*Goal of the exercise*:
Would you write out every entry exactly, but without the pictures?

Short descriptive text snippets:
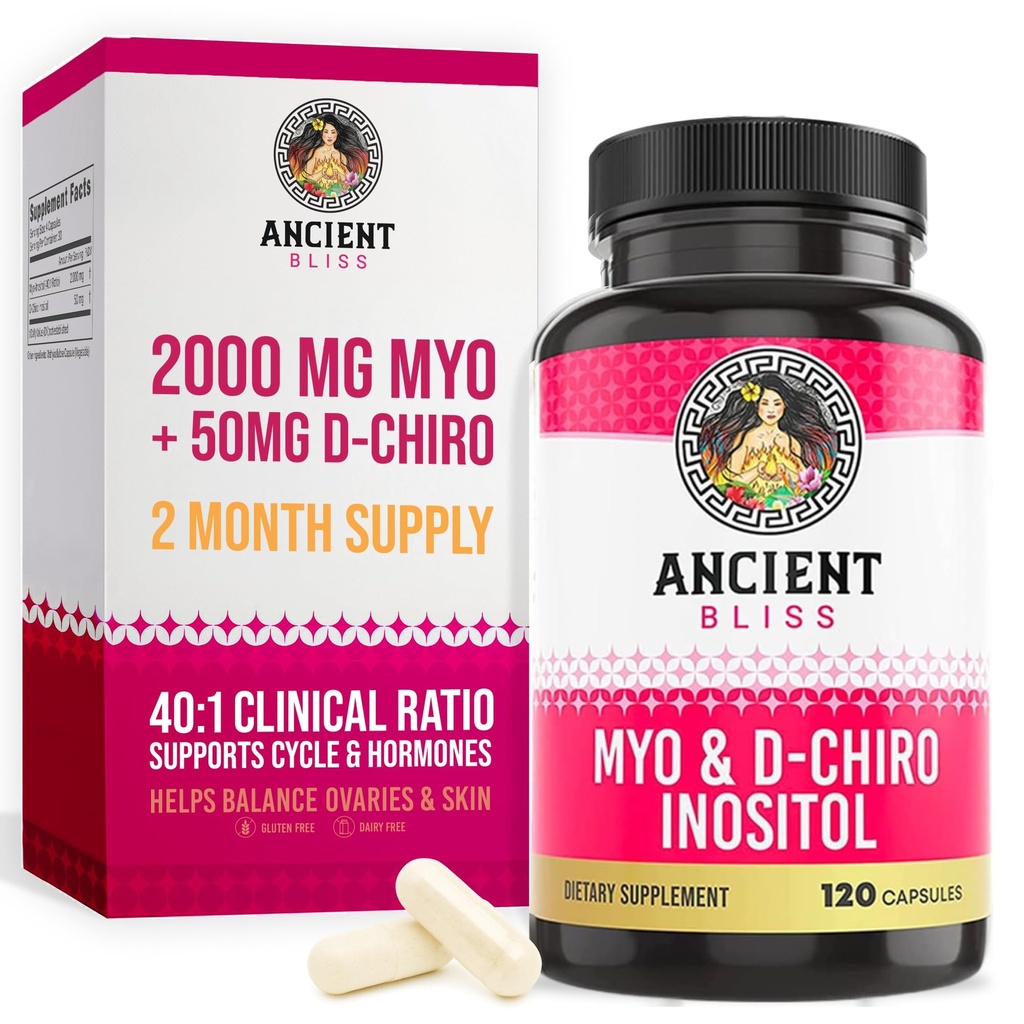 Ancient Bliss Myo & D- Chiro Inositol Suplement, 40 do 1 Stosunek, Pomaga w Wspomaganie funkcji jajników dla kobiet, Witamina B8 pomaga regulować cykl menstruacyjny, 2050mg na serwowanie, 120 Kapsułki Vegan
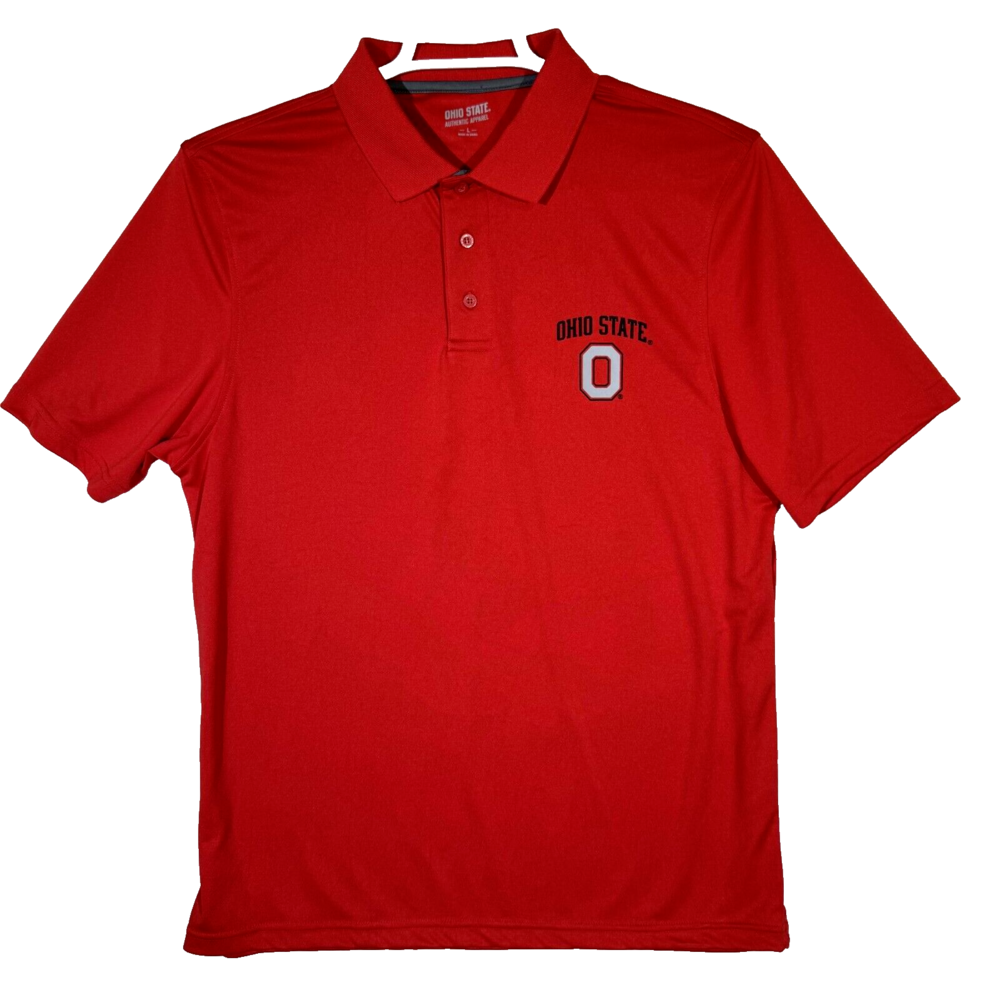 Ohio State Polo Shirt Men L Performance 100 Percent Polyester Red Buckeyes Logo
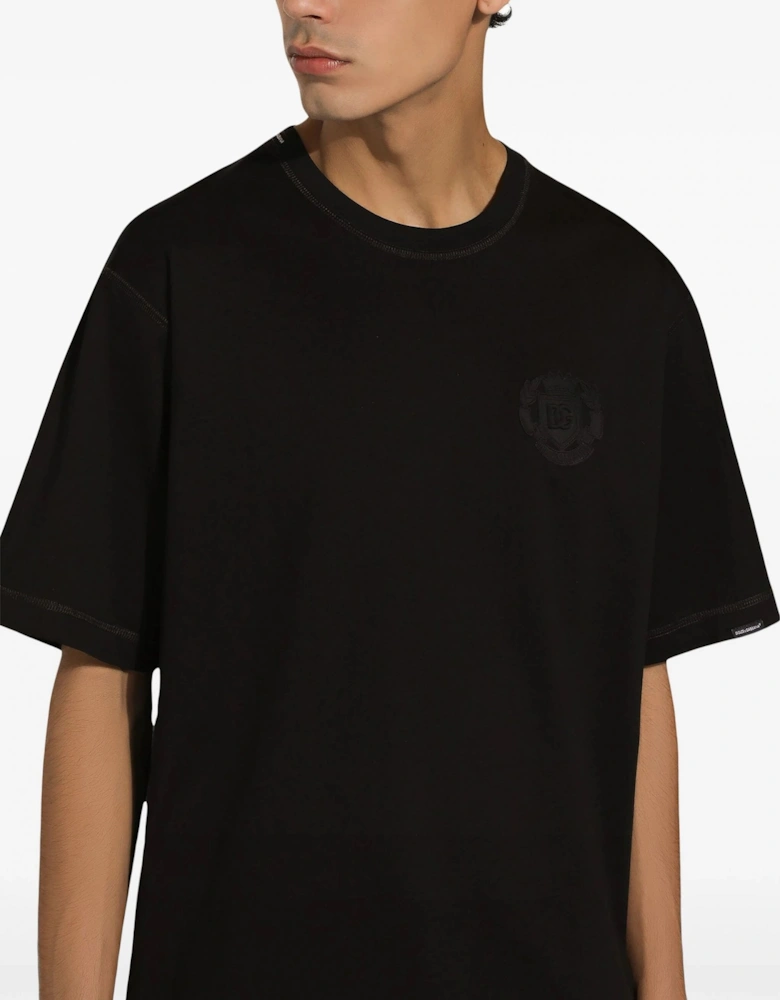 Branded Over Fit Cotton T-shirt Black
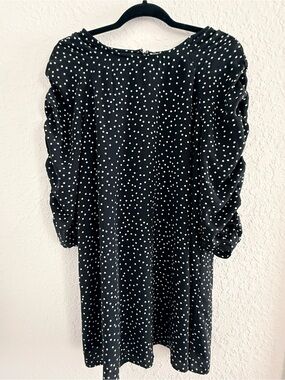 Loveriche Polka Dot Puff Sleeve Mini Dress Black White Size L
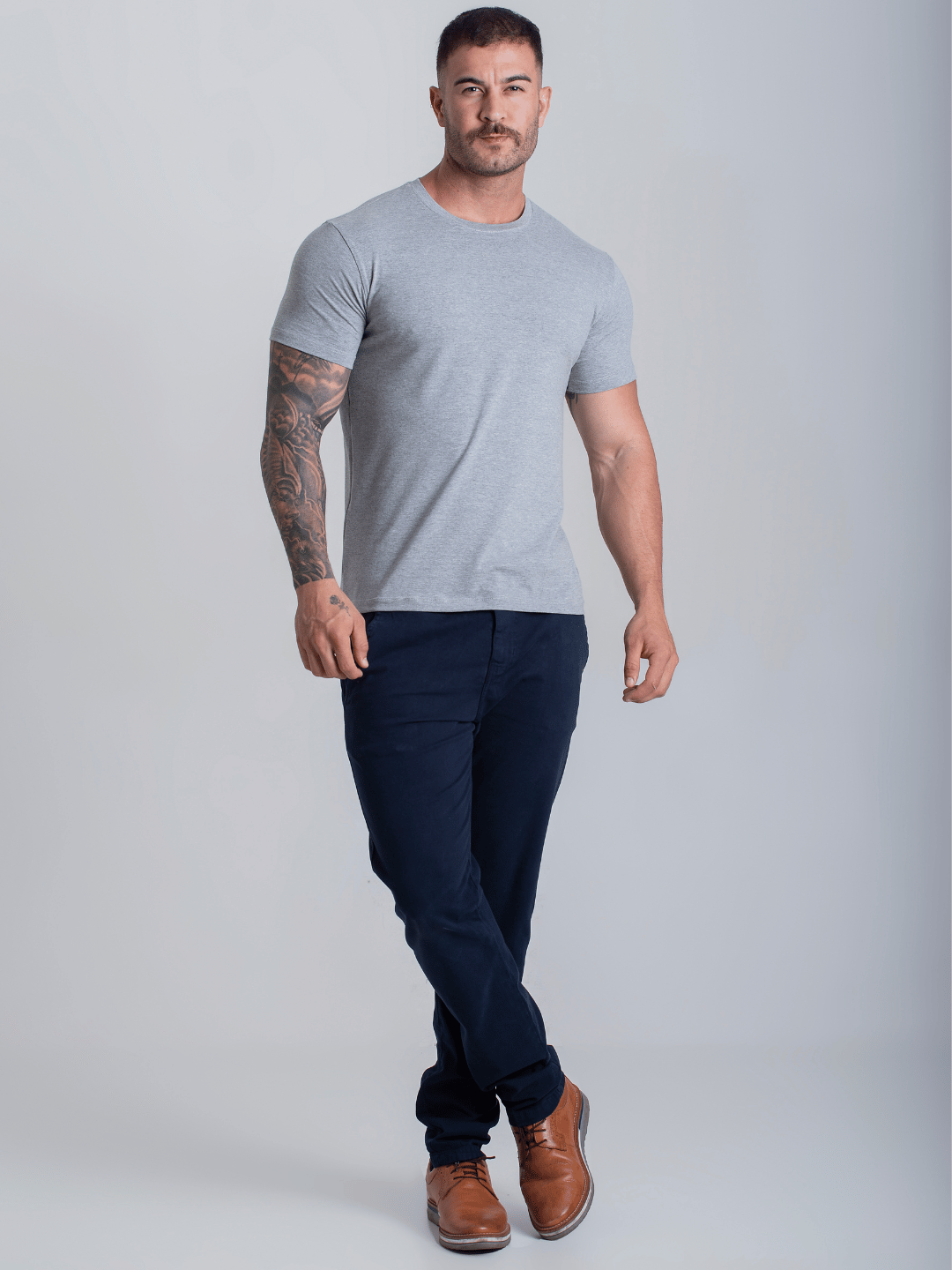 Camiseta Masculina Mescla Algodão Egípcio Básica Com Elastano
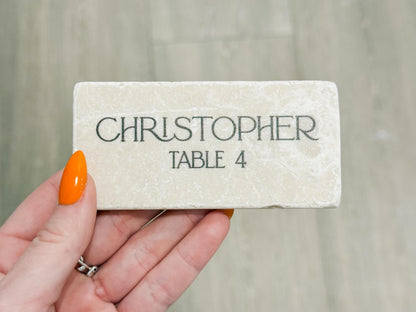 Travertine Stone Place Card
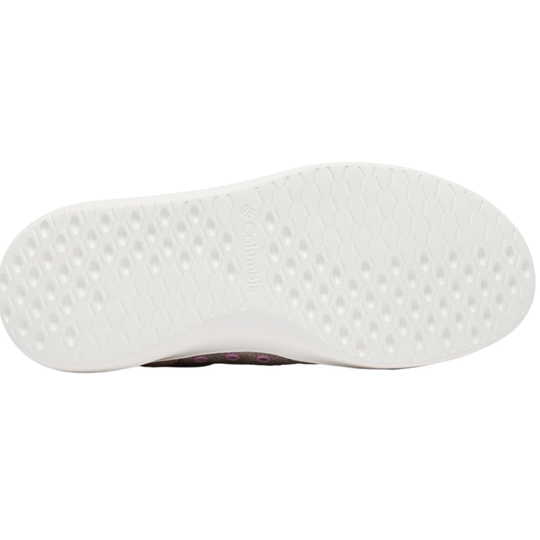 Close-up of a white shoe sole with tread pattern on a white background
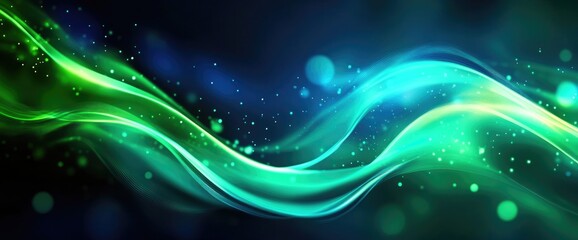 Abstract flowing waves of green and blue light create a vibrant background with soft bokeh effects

*Answer to the exercise*:
 Ancient Bliss Myo & D- Chiro Inositol Suplement, 40 do 1 Stosunek, Pomaga w Wspomaganie funkcji jajników dla kobiet, Witamina B8 pomaga regulować cykl menstruacyjny, 2050mg na serwowanie, 120 Kapsułki Vegan
 Ohio State Polo Shirt Men L Performance 100 Percent Polyester Red Buckeyes Logo
 Branded Over Fit Cotton T-shirt Black
 Loveriche Polka Dot Puff Sleeve Mini Dress Black White Size L
 Camiseta Masculina Mescla Algodão Egípcio Básica Com Elastano
 Travertine Stone Place Card
 Close-up of a white shoe sole with tread pattern on a white background
 Abstract flowing waves of green and blue light create a vibrant background with soft bokeh effects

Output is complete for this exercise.